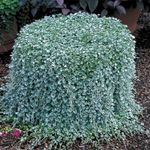 25 Dichondra Seeds Silver Falls See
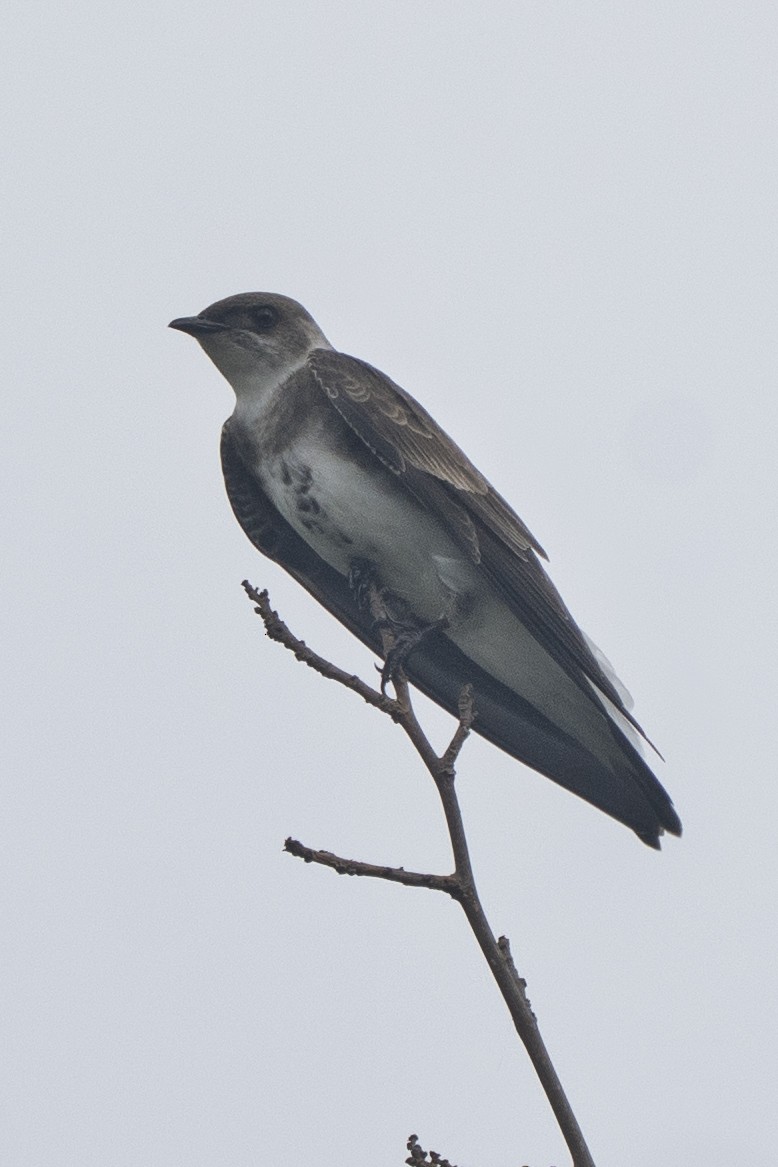 Brown-chested Martin - ML644662961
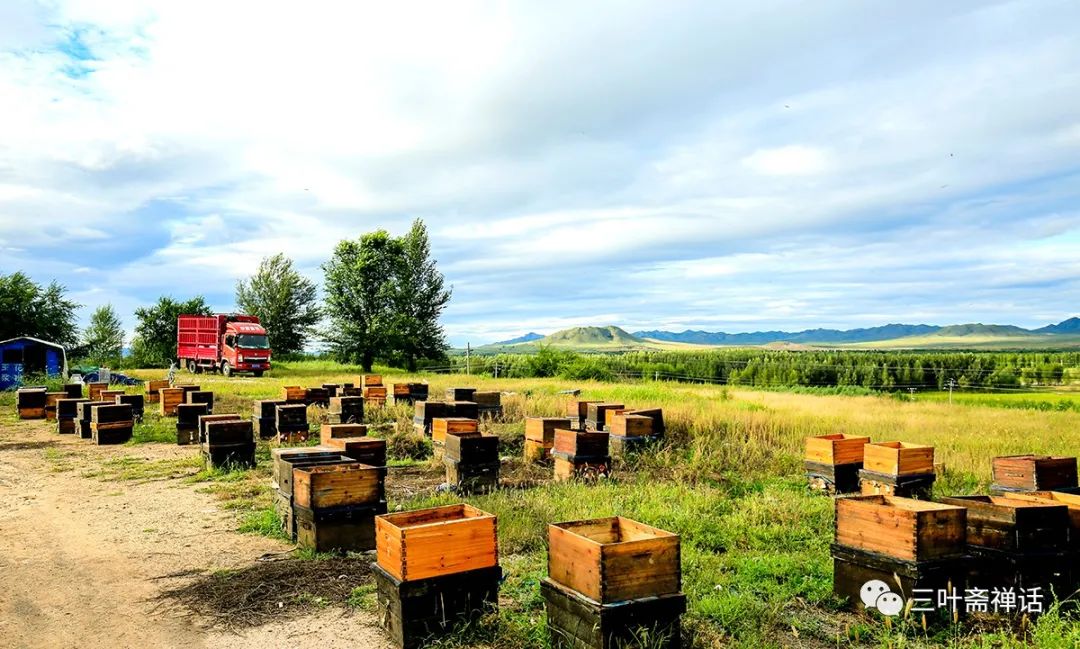 人们所说的富硒产品是指(什么是富硒农产品)-硒宝网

(ASSIGNMENT): Please restate the whole listing exactly, without any of its pictures.

(TASK RESULT):
 25 Dichondra Seeds Silver Falls See
 Brown-chested Martin - ML644662961
 人们所说的富硒产品是指(什么是富硒农产品)-硒宝网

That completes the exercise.